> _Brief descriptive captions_
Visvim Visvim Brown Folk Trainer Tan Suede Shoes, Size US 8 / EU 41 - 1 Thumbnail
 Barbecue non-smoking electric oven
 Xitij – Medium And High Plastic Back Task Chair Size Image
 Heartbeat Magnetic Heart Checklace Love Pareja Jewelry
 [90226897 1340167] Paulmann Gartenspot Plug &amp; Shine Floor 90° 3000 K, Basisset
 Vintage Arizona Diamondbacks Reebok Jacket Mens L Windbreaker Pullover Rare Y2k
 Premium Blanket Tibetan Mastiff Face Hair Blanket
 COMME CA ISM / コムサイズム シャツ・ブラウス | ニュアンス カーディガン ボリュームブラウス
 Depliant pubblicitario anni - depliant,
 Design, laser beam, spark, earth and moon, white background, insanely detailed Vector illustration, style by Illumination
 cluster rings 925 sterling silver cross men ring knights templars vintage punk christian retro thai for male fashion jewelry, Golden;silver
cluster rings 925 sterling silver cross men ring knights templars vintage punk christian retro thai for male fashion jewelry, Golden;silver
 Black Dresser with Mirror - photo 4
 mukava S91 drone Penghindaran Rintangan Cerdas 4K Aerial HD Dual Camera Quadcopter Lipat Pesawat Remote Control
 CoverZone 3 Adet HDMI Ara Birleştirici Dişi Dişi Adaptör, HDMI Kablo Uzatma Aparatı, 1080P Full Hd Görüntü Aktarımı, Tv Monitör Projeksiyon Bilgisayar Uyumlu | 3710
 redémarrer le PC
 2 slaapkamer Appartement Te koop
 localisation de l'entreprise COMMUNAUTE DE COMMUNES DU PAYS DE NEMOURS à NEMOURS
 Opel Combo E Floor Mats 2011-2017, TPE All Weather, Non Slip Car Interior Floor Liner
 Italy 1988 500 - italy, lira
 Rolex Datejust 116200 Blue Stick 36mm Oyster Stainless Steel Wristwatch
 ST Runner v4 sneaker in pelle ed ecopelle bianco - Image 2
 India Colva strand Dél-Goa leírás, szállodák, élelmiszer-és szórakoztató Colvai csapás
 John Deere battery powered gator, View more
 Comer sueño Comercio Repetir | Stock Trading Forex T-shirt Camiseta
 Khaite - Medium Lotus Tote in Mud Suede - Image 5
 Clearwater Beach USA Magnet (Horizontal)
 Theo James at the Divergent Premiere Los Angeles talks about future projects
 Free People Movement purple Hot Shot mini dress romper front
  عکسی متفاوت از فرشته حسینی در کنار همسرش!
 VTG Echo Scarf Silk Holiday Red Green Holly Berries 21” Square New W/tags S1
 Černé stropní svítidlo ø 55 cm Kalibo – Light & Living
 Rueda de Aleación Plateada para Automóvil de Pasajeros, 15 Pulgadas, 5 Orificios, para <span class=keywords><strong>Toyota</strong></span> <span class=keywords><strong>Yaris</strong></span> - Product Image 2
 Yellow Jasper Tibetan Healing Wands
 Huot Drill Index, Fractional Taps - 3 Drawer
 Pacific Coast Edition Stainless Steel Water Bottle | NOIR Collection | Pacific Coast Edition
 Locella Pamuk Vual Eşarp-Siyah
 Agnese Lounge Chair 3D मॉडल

> _About this task_
What is asked for is an exact copy of the lines above from the one containing "Barbecue non-smoking electric oven" through the one containing "ST Runner v4", and only those.

> _Answer to this exercise_
 Barbecue non-smoking electric oven
 Xitij – Medium And High Plastic Back Task Chair Size Image
 Heartbeat Magnetic Heart Checklace Love Pareja Jewelry
 [90226897 1340167] Paulmann Gartenspot Plug &amp; Shine Floor 90° 3000 K, Basisset
 Vintage Arizona Diamondbacks Reebok Jacket Mens L Windbreaker Pullover Rare Y2k
 Premium Blanket Tibetan Mastiff Face Hair Blanket
 COMME CA ISM / コムサイズム シャツ・ブラウス | ニュアンス カーディガン ボリュームブラウス
 Depliant pubblicitario anni - depliant,
 Design, laser beam, spark, earth and moon, white background, insanely detailed Vector illustration, style by Illumination
 cluster rings 925 sterling silver cross men ring knights templars vintage punk christian retro thai for male fashion jewelry, Golden;silver
cluster rings 925 sterling silver cross men ring knights templars vintage punk christian retro thai for male fashion jewelry, Golden;silver
 Black Dresser with Mirror - photo 4
 mukava S91 drone Penghindaran Rintangan Cerdas 4K Aerial HD Dual Camera Quadcopter Lipat Pesawat Remote Control
 CoverZone 3 Adet HDMI Ara Birleştirici Dişi Dişi Adaptör, HDMI Kablo Uzatma Aparatı, 1080P Full Hd Görüntü Aktarımı, Tv Monitör Projeksiyon Bilgisayar Uyumlu | 3710
 redémarrer le PC
 2 slaapkamer Appartement Te koop
 localisation de l'entreprise COMMUNAUTE DE COMMUNES DU PAYS DE NEMOURS à NEMOURS
 Opel Combo E Floor Mats 2011-2017, TPE All Weather, Non Slip Car Interior Floor Liner
 Italy 1988 500 - italy, lira
 Rolex Datejust 116200 Blue Stick 36mm Oyster Stainless Steel Wristwatch
 ST Runner v4 sneaker in pelle ed ecopelle bianco - Image 2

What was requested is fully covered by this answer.